Compared with EM-GMM, BP, RF, LR, and Bayes methods, IBC-GMM classification is better than other methods, and the classification and recognition accuracy reached 94.0%. It shows that IBC-GMM based on ST and ML to extract microseismic characteristics is feasible to identify rock-fracturing signals and blast vibration signals and has a high accuracy. The model is applied to the identification of mining microseismic events in coal mine, and the recognition results are consistent with the reality.

#### Data Availability

The detailed data of MS monitoring system are available in the concluding report of the MS monitoring service for the coal mine outburst project implemented at Xiashinjie coal mine in Tongchuan which is completed by Dalian University of Technology and Mechsoft (Dalian) Co., Ltd.

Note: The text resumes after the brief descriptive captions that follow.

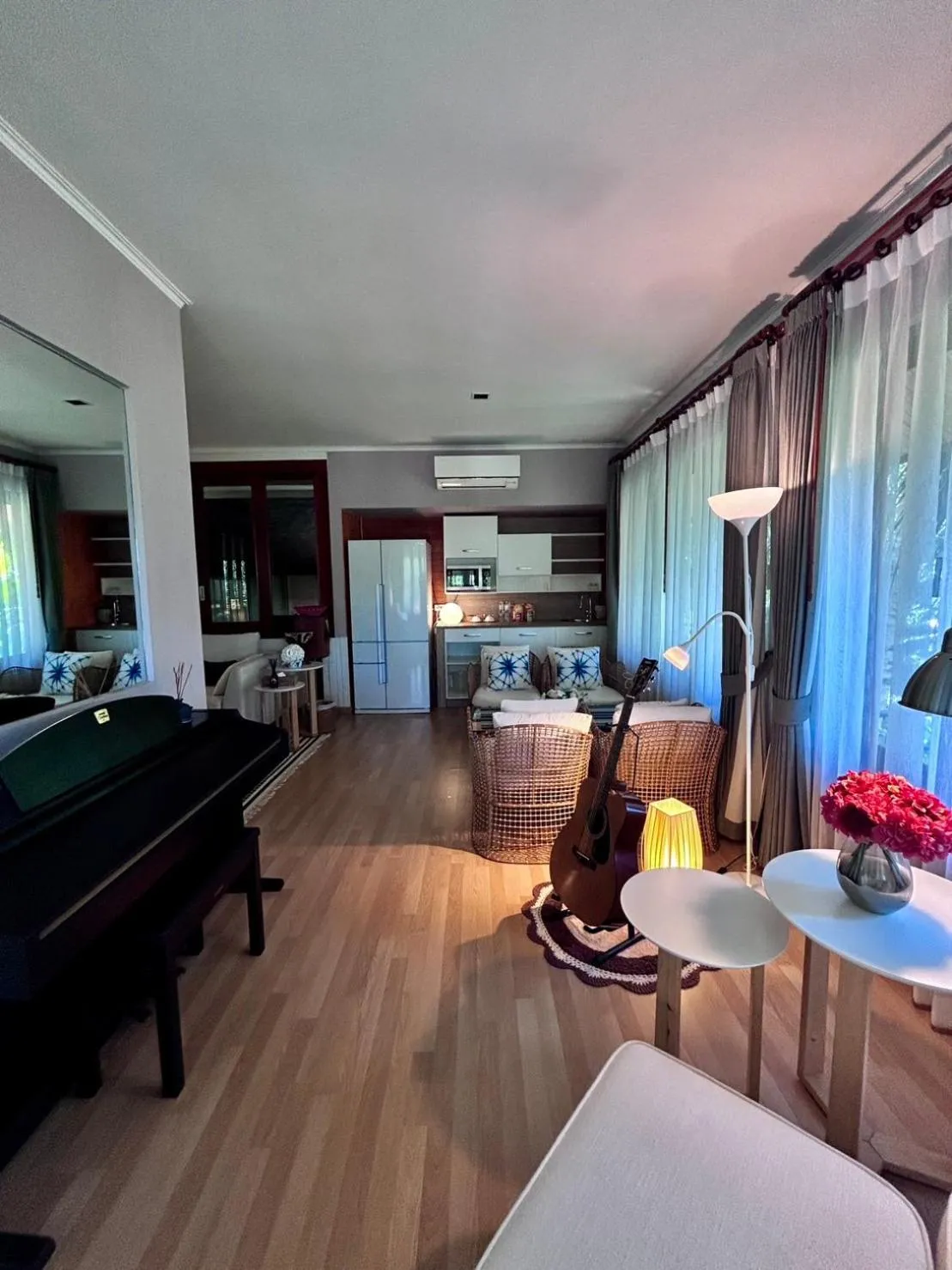 Bed in The Cliff Lipe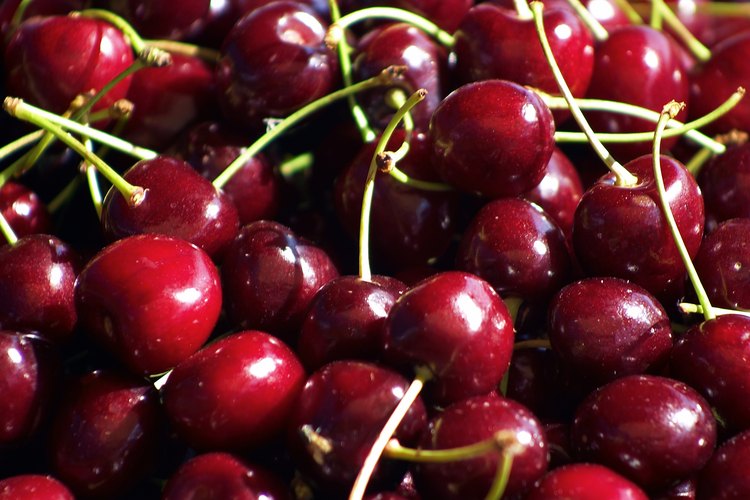 Cerezas frescas en el mercado.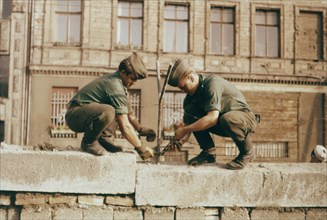Germany / GDR. Construction of the wall. East-German Border guards on the wall at Friedrichstrasse. Berlin August 1961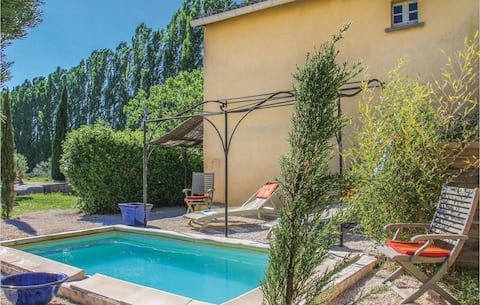 Gorgeous home in Pont Saint Esprit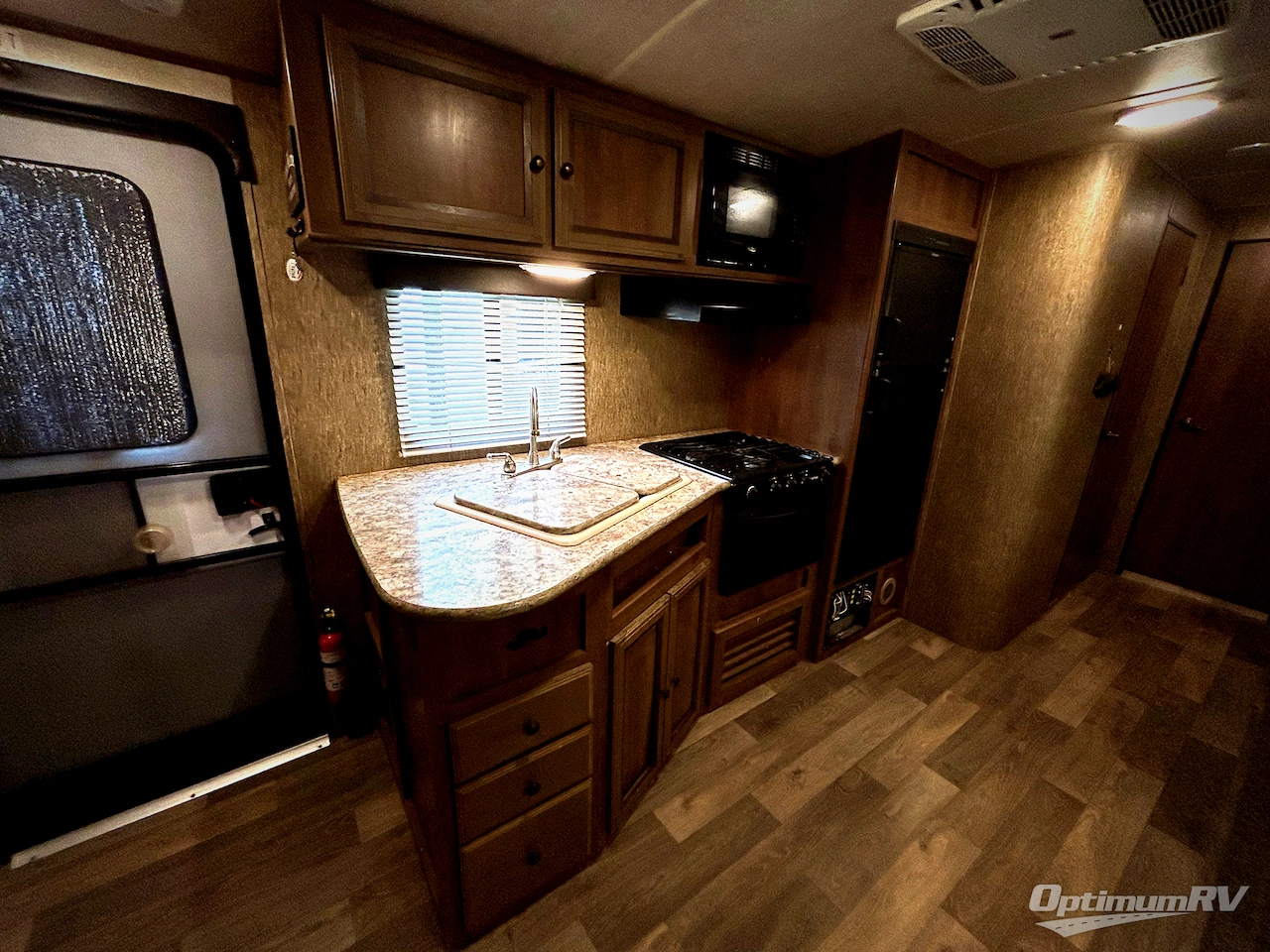 2016 Heartland Sundance XLT 312 BH Photo 8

#### Conflicts of Interest

The authors declare no conflicts of interest.

#### Acknowledgments

This research was supported by the National Natural Science Foundation of China (no. 4194-1018), the National Natural Science Foundation of China (Grants nos. 51774064 and 51974055), the Special-Funded Program on National Key Scientific Instruments and Equipment Development (no. 51627804), and the National Key Research and Development Plan of China (Grant no. 2017YFC1503103).